Já passou da hora de temas com o inteligência artificial (IA) e redes sociais pularem das séries como "Black Mirror" para o nosso dia a dia. Se você ainda não se inteirou do assunto, cuidado: o assunto já pode ter se inteirado de você.
A falta de controle sobre as redes sociais é tema recorrente desta coluna. Mas nem sempre falamos, aqui, de IA. Duas decisões da União Europeia (UE), nesta quarta-feira (14), servem para pensarmos os dois temas. Sobre o primeiro: a UE acusou formalmente o Google de violar as leis antitruste do bloco, abusando de sua posição dominante em publicidade online para enfraquecer os rivais. O que isso significa: o Google está presente em todos os níveis da cadeia de suprimentos ad-tech. grosso modo, a empresa vende anúncio digital, domina a distribuição, estabelece as regras do jogo e ainda produz os relatórios sobre o impacto dessa distribuição/venda.
A venda de publicidade é a principal receita da Google, controlada pelo Grupo Alphabet. Foram US$ 60 bilhões no ano passado. A internet não é só o Google, mas o Google é quase toda a internet. "Dá um Google", não à toa, virou expressão comum.
Se o Google fosse um time de futebol, ele entraria em campo, escreveria as regras da partida (e do campeonato), escolheria o árbitro e bandeirinhas, decidiria o placar e, não duvide, elegeria até quem poderia ter acesso à arquibancada e como a performance do time seria descrita pela crônica esportiva (feita pelos próprios funcionários, claro).
Esse comportamento inviabiliza a concorrência, no campeonato de futebol e no livre mercado. A UE pode impor sanções à empresa capazes de obrigá-la a vender parte do negócio em publicidade digital.
A outra decisão da UE é tão importante quanto. O Parlamento Europeu aprovou um projeto de lei que regulamenta a inteligência artificial (IA). A decisão entra em rota de colisão com as gigantes de tecnologia - além da Google, a Meta, dona do Facebook e do Instagram, Apple e outras. O que os deputados desejam é regulamentar como as empresas usam a IA. Por exemplo: fica proibido o uso de sistemas que apresentem "nível aceitável de risco". O que isso significa: companhias de tecnologia não poderão fazer uso, por exemplo, de análises de dados para a implementação de ferramentas capazes de realizar o chamado policiamento preditivo.

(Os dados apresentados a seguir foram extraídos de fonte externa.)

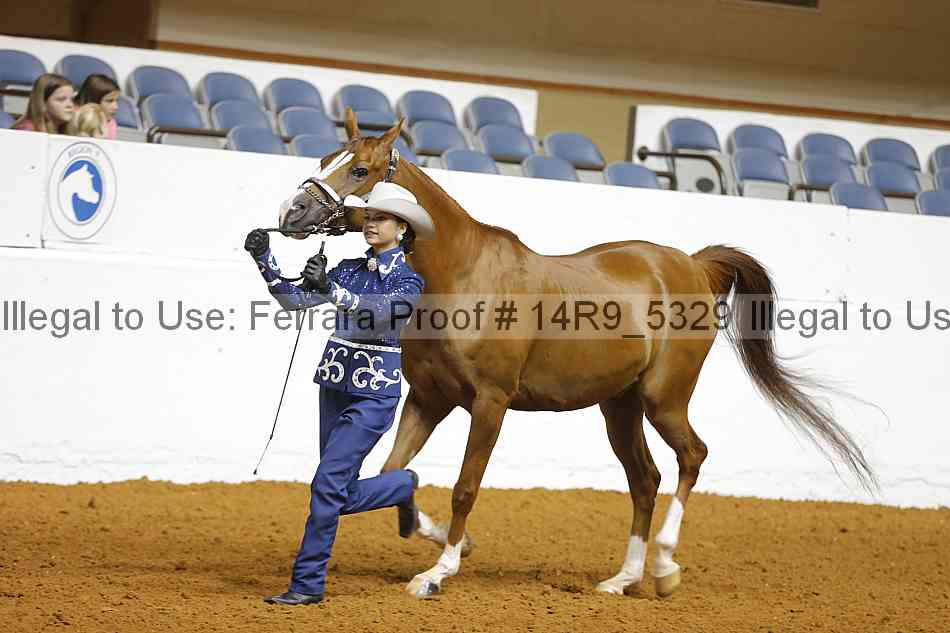 Proof 14r9_5329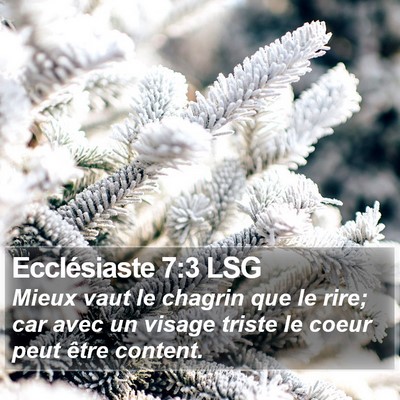 Ecclésiaste 7:3 LSG Bible Verse Image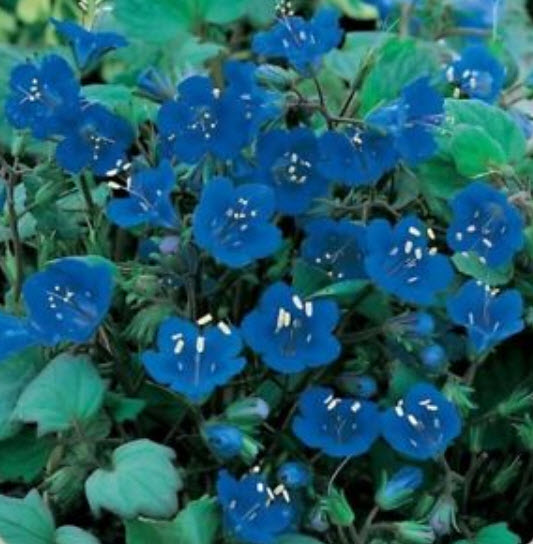 แคลิฟอร์เนีย บลูเบล (California Bluebell) / 500 เม็ด (USA)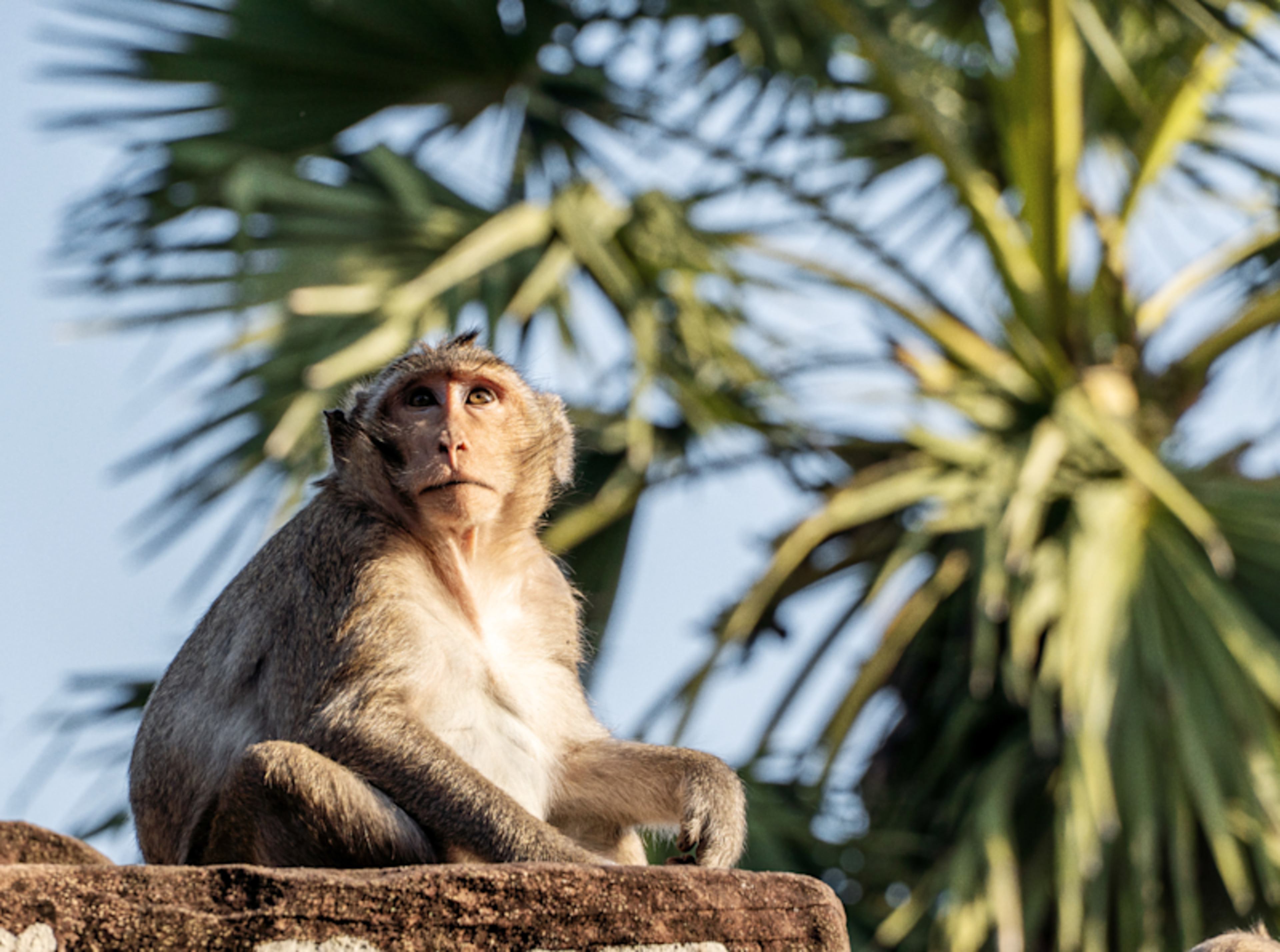Cambodian Wildlife & Khmer Kingdom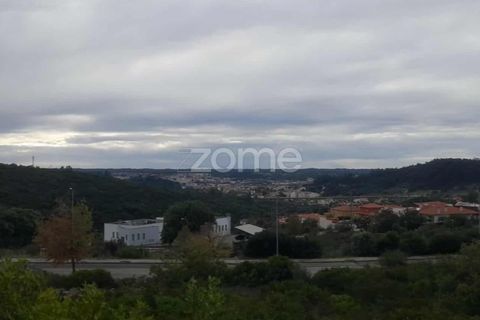 Helårsgrund i Pombal, Leiria, Pombal - € 32.500 | Ref: ZMPT582825 - foto 8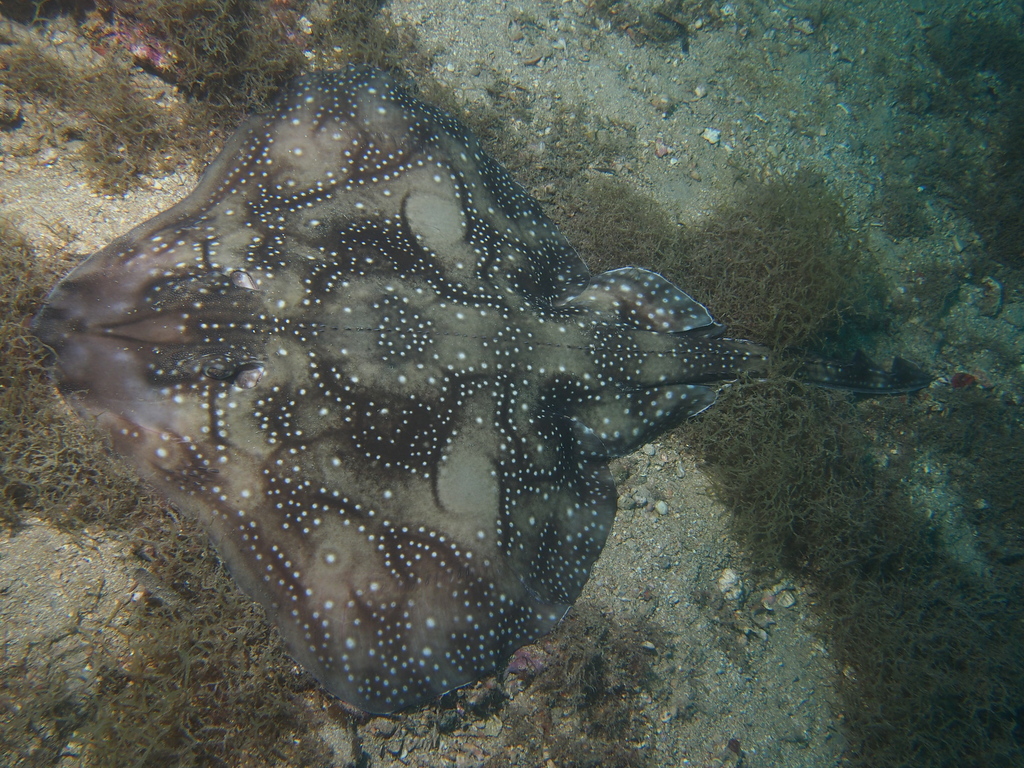Undulate Skate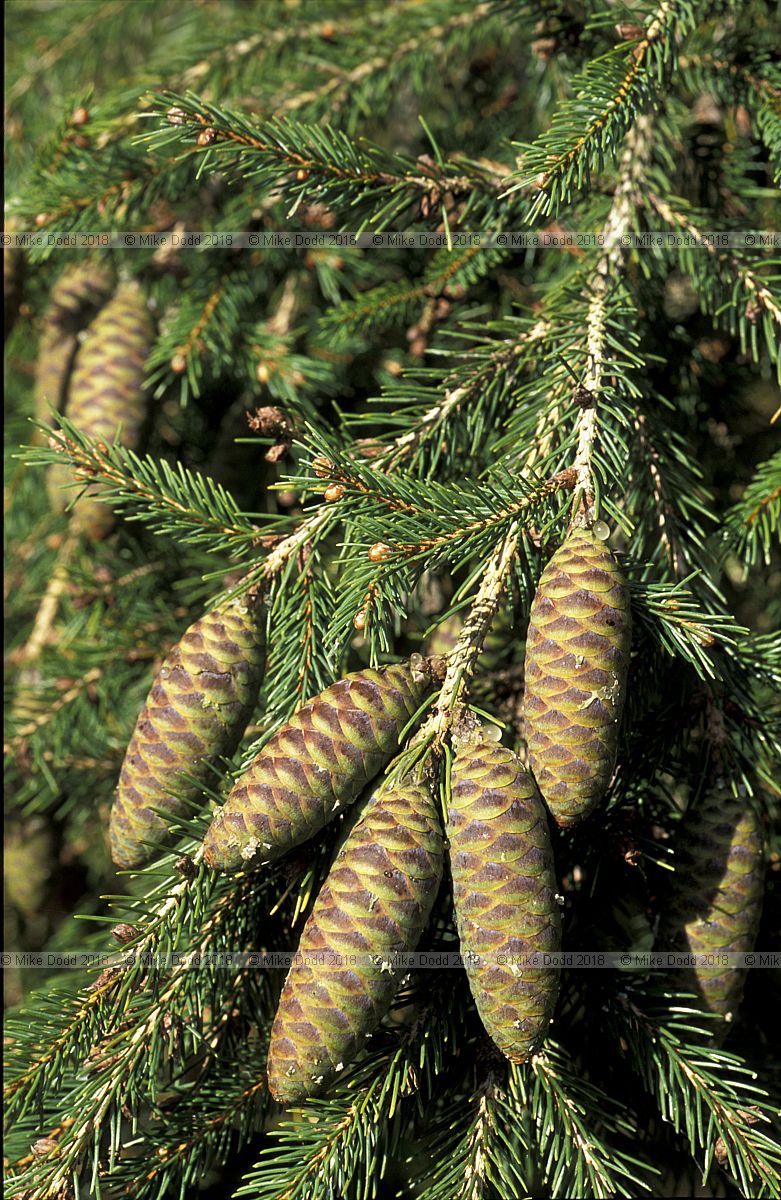 Picea morrisonicola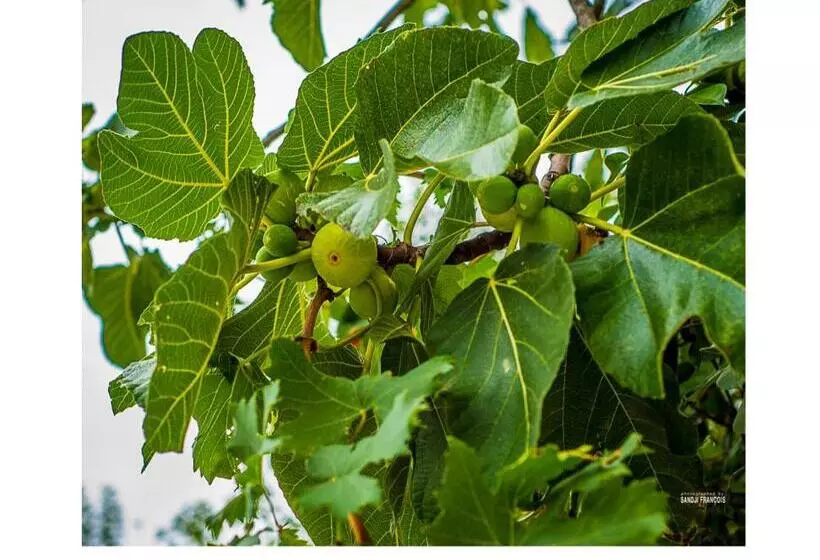 田舎風ホテル Bioagriturismo Podere Montisi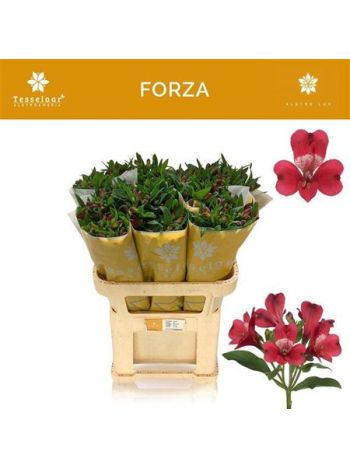 ALSTR FORZA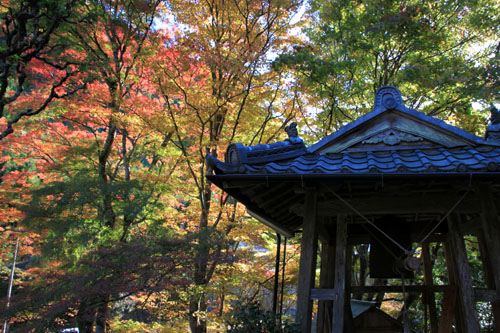 14紅葉めぐり8 京見峠から杉坂地蔵院へ_e0048413_1951485.jpg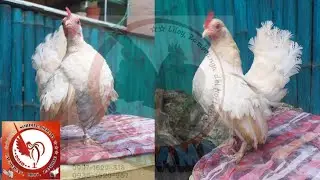 FANCY CHICKEN | super cheap price |  #malaysian #serama #bantam  #chicken #sordillaserama #advensoy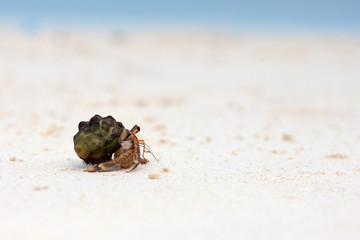 Hermit crab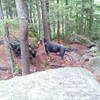 Pups on the trail.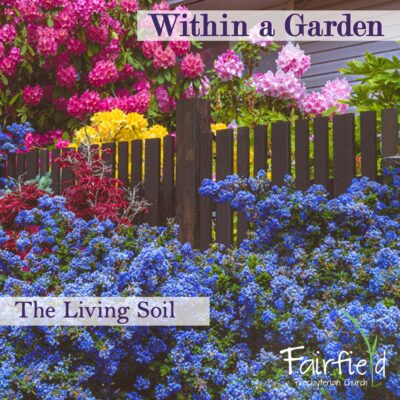 Within a Garden: The Living Soil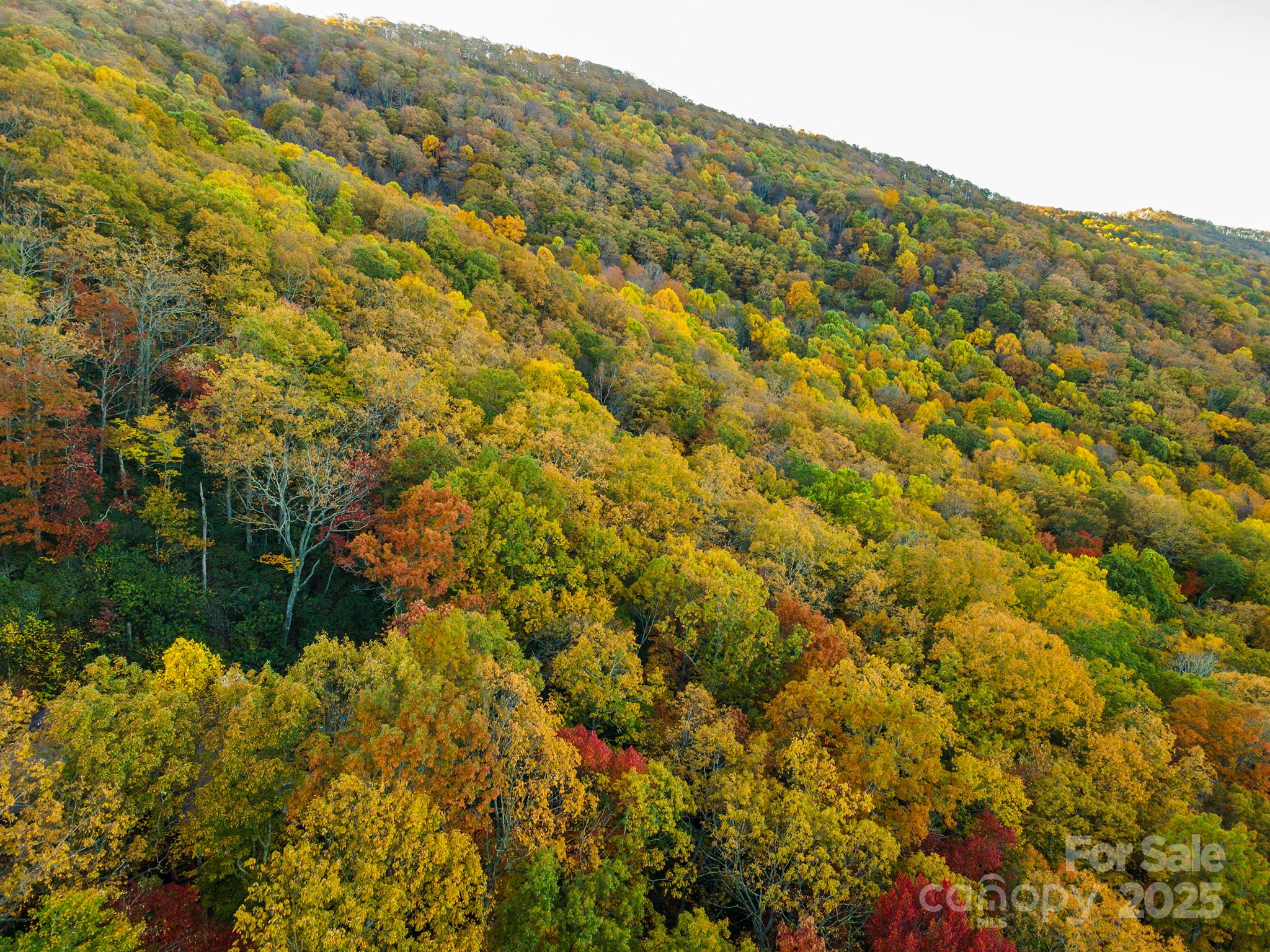 Tbd Summer Haven Road, Unit 16 Swannanoa, NC 28778 - Photo 21 of 45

A técnica é sedutora: o uso da tecnologia para prever crimes - ou seja, permitindo, em tese, que a polícia atue antes de ele ocorrerem. Em uma rua de uma grande cidade com altos índices de roubo e furto de carros, por exemplo, o algoritmo poderia prever, por exemplo, que horas e em qual local exato haveria mais chance de ocorrer um crime. Esse é o mundo ideal. Há outro: o "black mirror". Como, no Brasil, a grande massa carcerária é composta por negros e pobres, não é difícil imaginar quem acabaria, "preventivamente", preso, simplesmente por passar naquela rua, em local e hora errados.